There was a “straight pride” parade in Boston last week, maybe 50 miles from my house. I skipped it, and went out for pancakes instead. Then, I came home and did some laundry.
About 300 people marched in the parade. Maybe the other straight guys do their own laundry, too.
And several days later, my wife, Deborah, continued her effort to gain the trust of a stray cat who wandered into our yard, and has been getting fed by her for some time.
Much of gaining an animal’s trust is comprised of offering food and in the ability to sit still as a stone for hours at a time.
Every night, Deborah sits on our front steps, still as a stone, occasionally making kissing noises into the air.
At first, the cat would wait until she left to eat. Eventually, he would eat while she sat, still as a stone, just two wooden steps above the food.
A week ago, the cat was within two feet of her hands. She remained still as a stone. Last night, the timid cat leaned forward and sniffed her hand, and with one ringed finger, she touched him gently on the head. He walked away.
“I didn’t want to try to pet him just yet,” she said. “He’s still a little scared.”
The whole process has taken her a couple of months.
I thought about it when I was washing my hands before dinner.
“You know,” I said to her as we ate. “If this were the year 1230, people would have seen you offering the cat food, sitting still as a stone, luring the cat and wooing the cat, and they would have heard you making kissing noises at the cat and repeating the phrase, ‘Who’s a pretty boy?’ over and over.
“By now,” I said, “you would be burning merrily in the village square, setting aglow the happy faces of the peasants, who knew a witch when they saw one.”
“And did you speak with Satan in the form of a cat?” The inquisitor would have hissed at her. “Did you call Satan a ‘pretty boy’?”
With evidence like that, you knew they were going to burn the witch.
After all, they’d been burning witches for centuries, and Jews, and assorted heretics, and gay people. The smell of burning flesh was pleasing to God, who liked to know that his people would not suffer a witch to live. It’s in the Bible.
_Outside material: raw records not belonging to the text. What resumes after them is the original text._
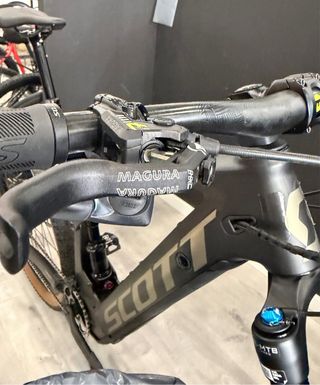 Scott Genius eRide 910 T-M Sram AXS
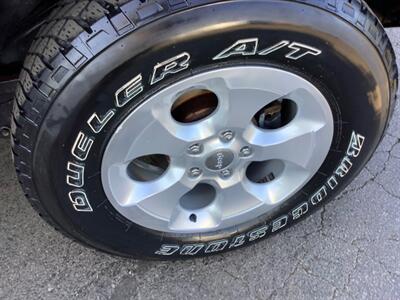 2013 Jeep Wrangler Sahara   - Photo 22 - Crest Hill, IL 60403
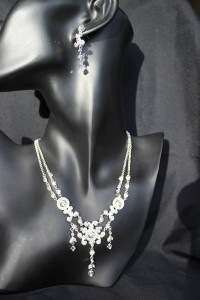 J159 Silver diamonte necklace/earring set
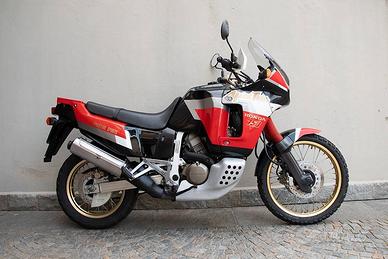 Honda Africa Twin XRV750 RD04 - Storico FMI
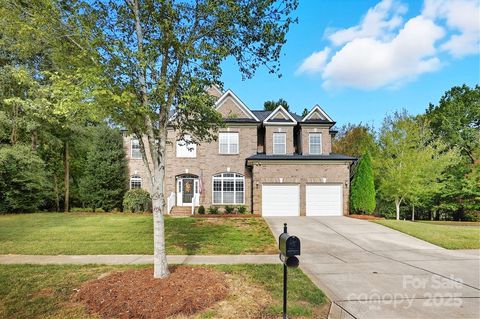 Photo of 1541 Golden Rain Drive, Matthews, NC 28104 (MLS # 4289368)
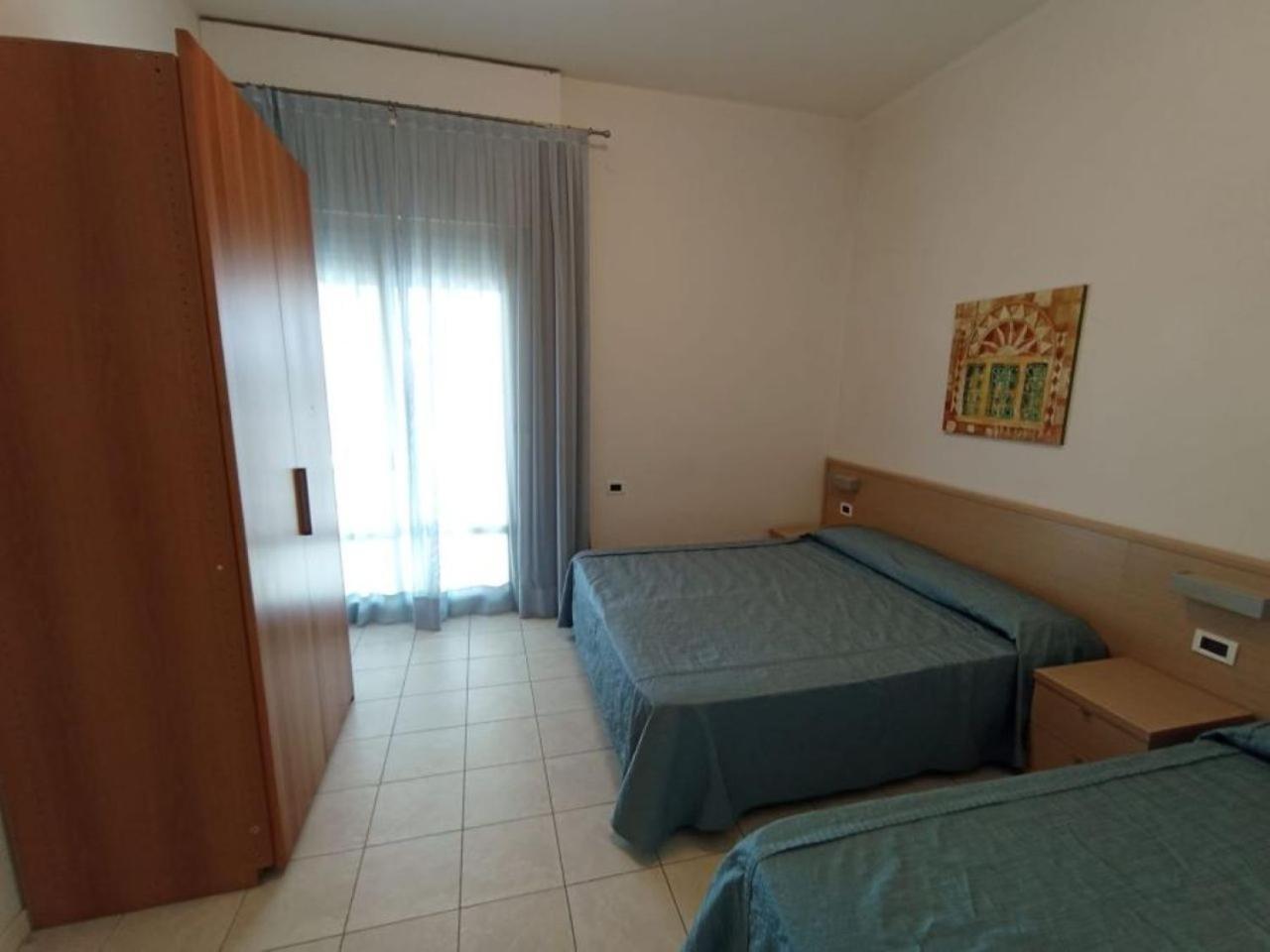 Residence Zenith Каорле Екстер'єр фото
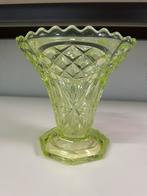 Vaas van uranium glas, Antiek en Kunst, Ophalen of Verzenden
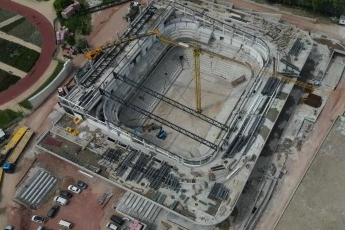 Bursa'da Atatürk Spor Salonu hızla yükseliyor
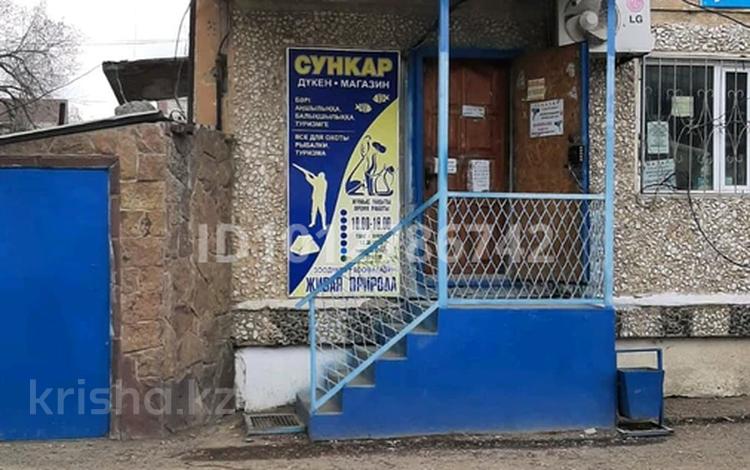 Гараж · 24 м² · Момышулы — Шахматная академия магазин Сунгар сзади магазина Кооператор, бағасы: 80 000 ₸ в Жезказгане — фото 2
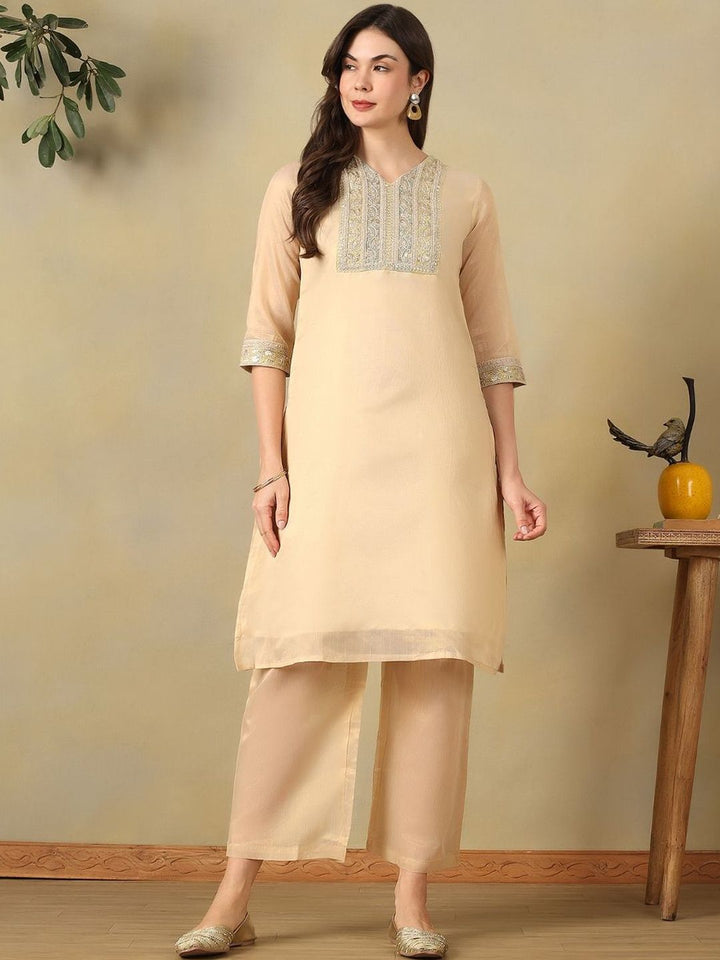 Mamicha Women Ethnic Motifs Embroidered Regular Sequinned Kurta with Palazzos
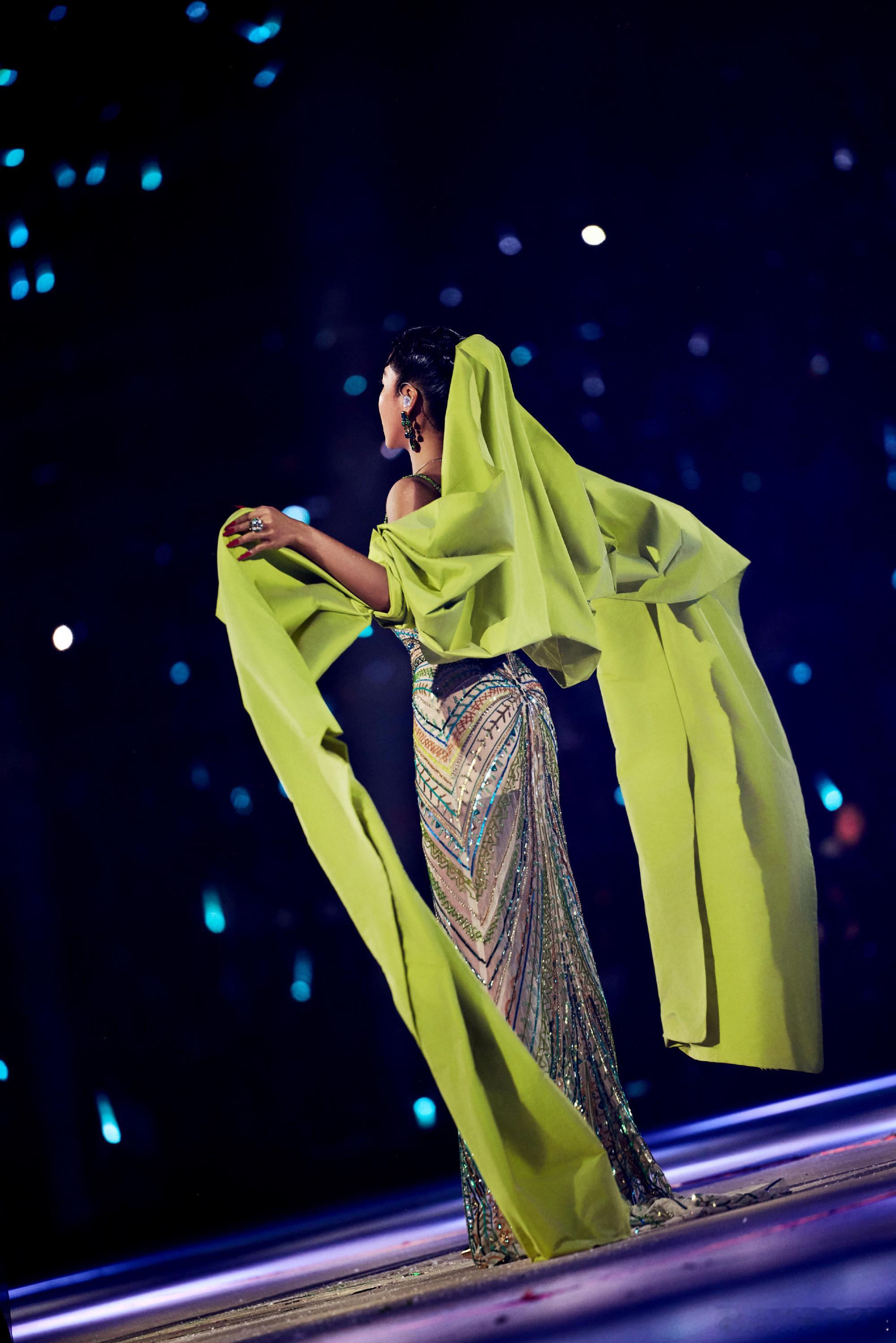 吉克隽逸 红和不红不是我的工作 格局真的太戳人！不被流量定义，不被热度绑架，只把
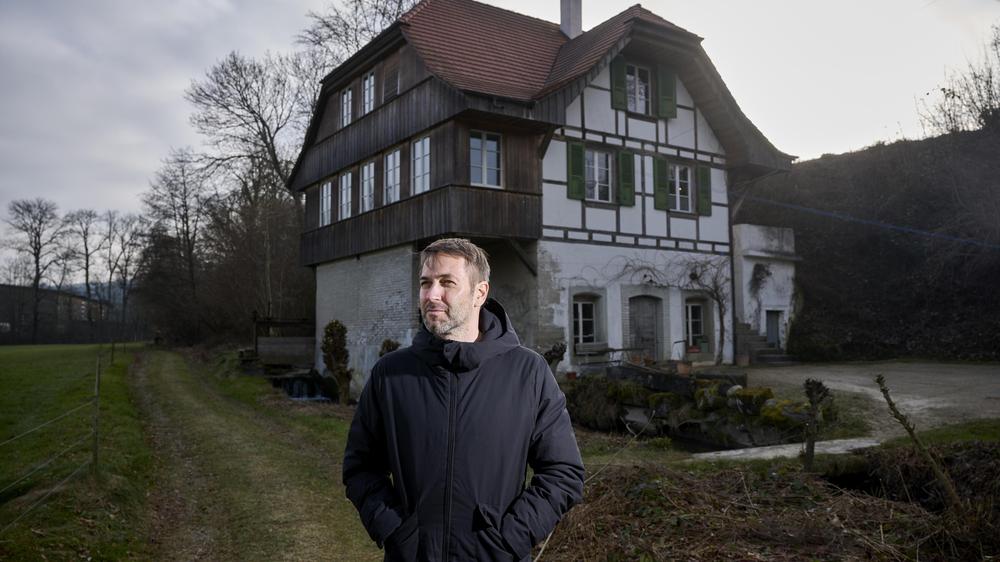 Simon Baumann, 45 ans, devant sa maison héritée à Suberg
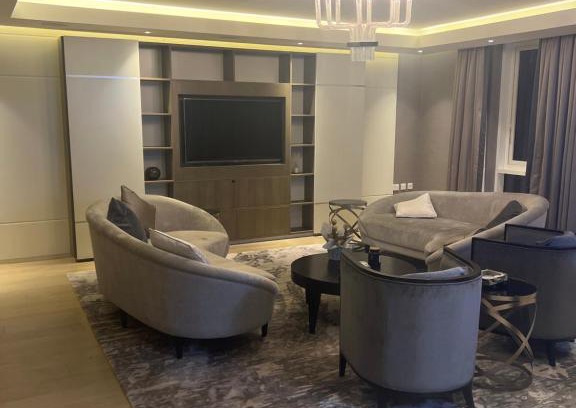 Sands End Apartment | Chelsea creek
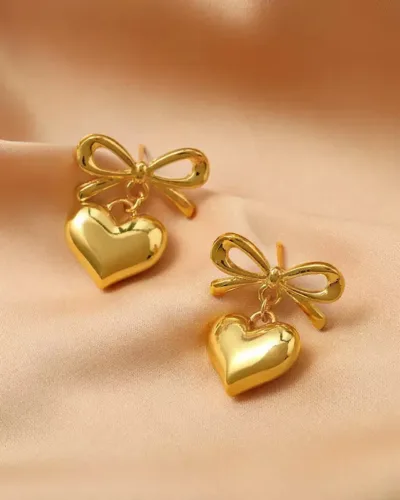 A beatiful trendy and fashionable earring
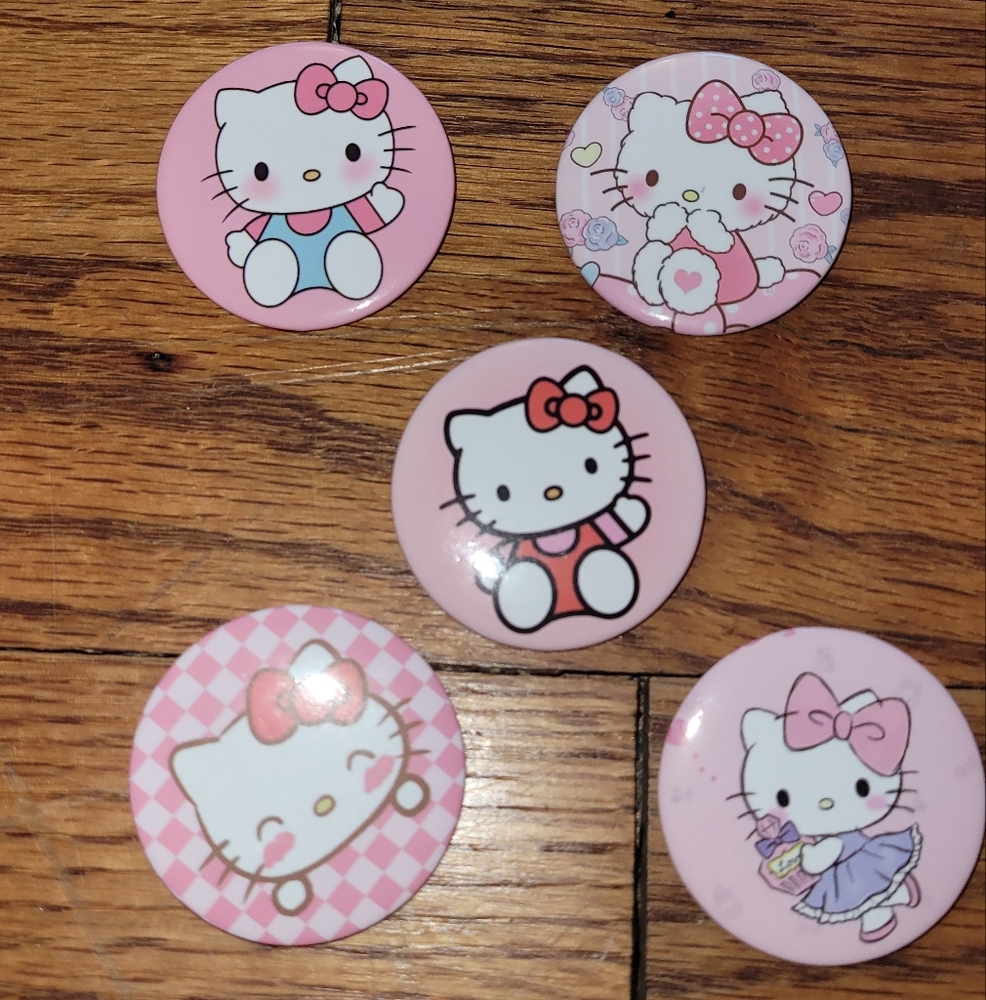 5 Hello Kitty Large Button Pins - Picture 6 of 11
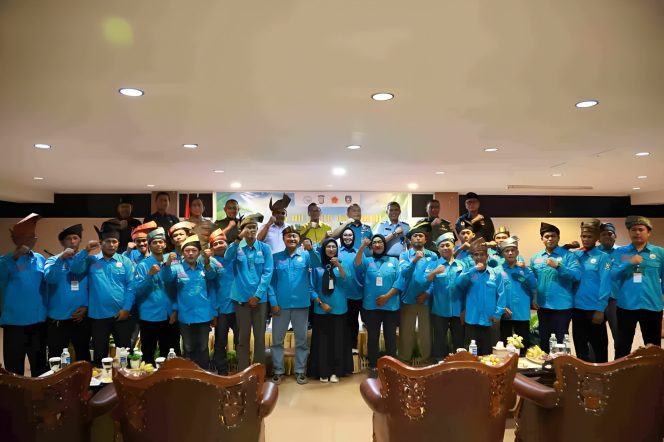 
					Keterangan Foto: Wakil Wali Kota Tanjungpinang, Raja Ariza, saat foto bersama Ketua dan pengurus Dewan Pimpinan Daerah (DPD) Himpunan Masyarakat Nelayan Indonesia (HMNI) Provinsi Kepulauan Riau periode 2024–2029 yang digelar di Aula Hotel Plaza Tanjungpinang, Kamis (24/07/2025), (Diskominfo Tanjungpinang).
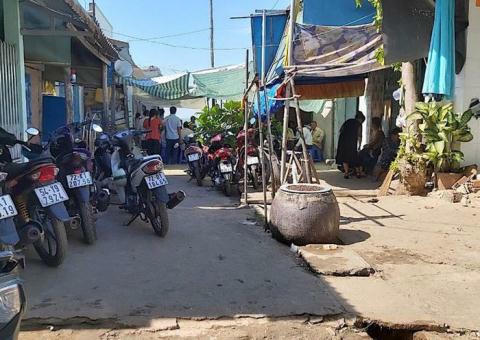 Vo hat nuoc ca trung nha hang xom, chong bi chem chet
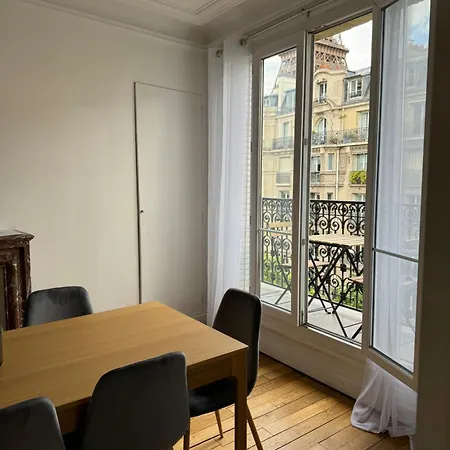 Tour Eiffel 120 M2 アパート *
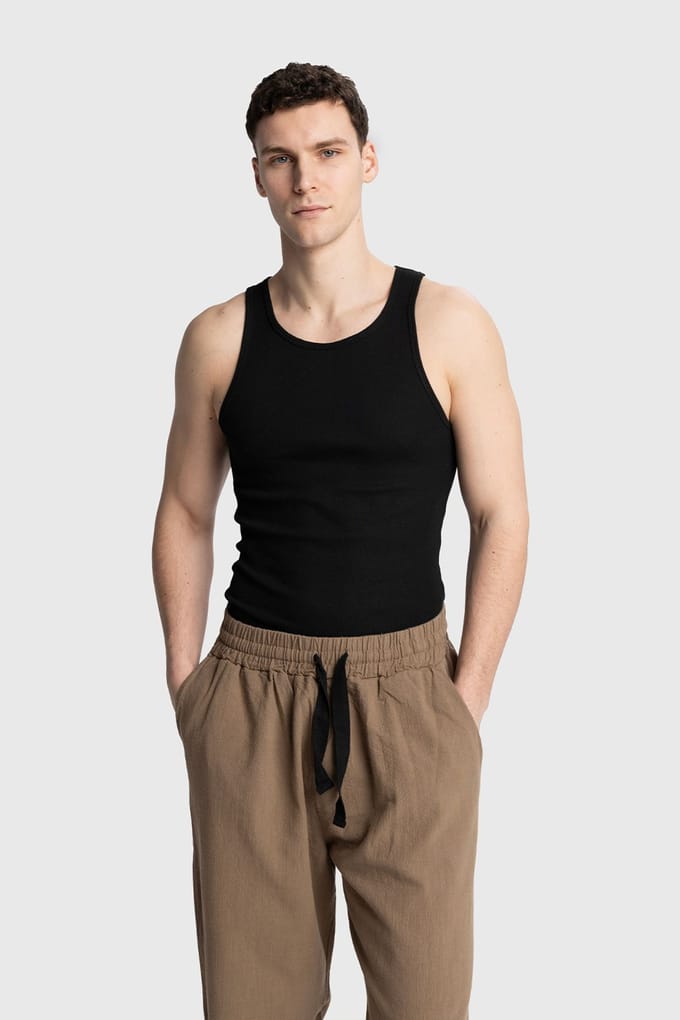 Fitted Mouwloos U-Hals T-shirt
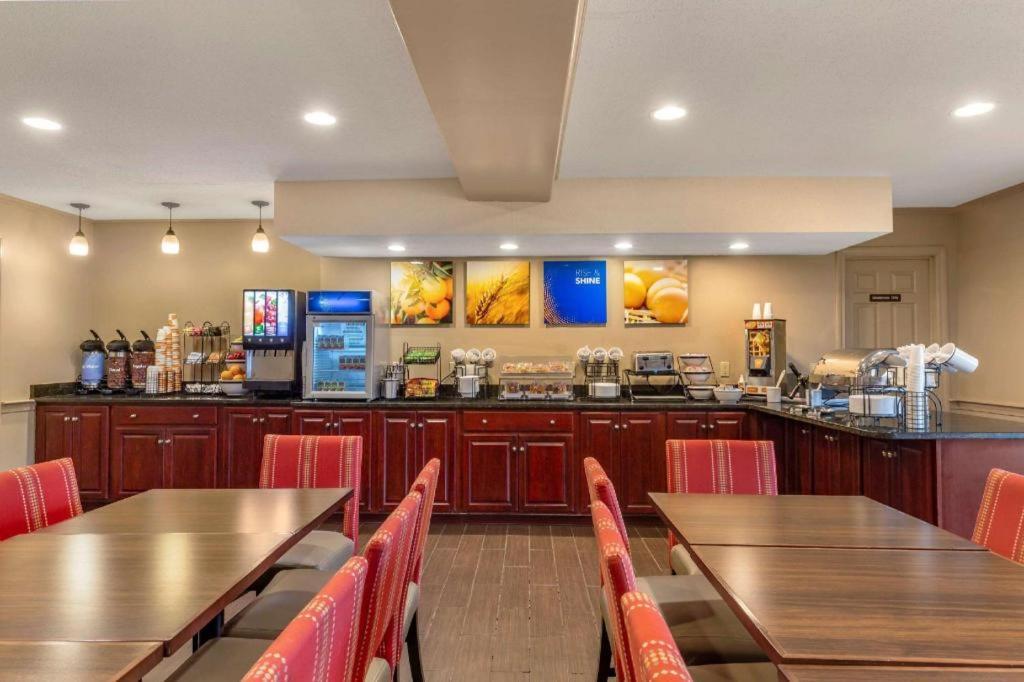 Comfort Inn Foxboro - Mansfield Foxborough Exteriör bild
We don’t burn witches anymore, at least not where I live, and not in most other places, either. A woman is free to ritualistically chant, “Who’s a pretty boy?” over and over again to any yellow-eyed creature she sees.
The Straight Pride Parade in Boston attracted a couple hundred marchers in a city with a population of 700,000 or so, with many more in neighboring communities. It was, to be brief, a flop. Only a “We Love the New York Yankees Parade” could have done worse in that city.
I imagine the crowds for witch burning events got smaller and smaller as the centuries rolled by.
We stumble. We bumble. We take a step or two back, but we wobble always forward, on our way to something that may someday be peace.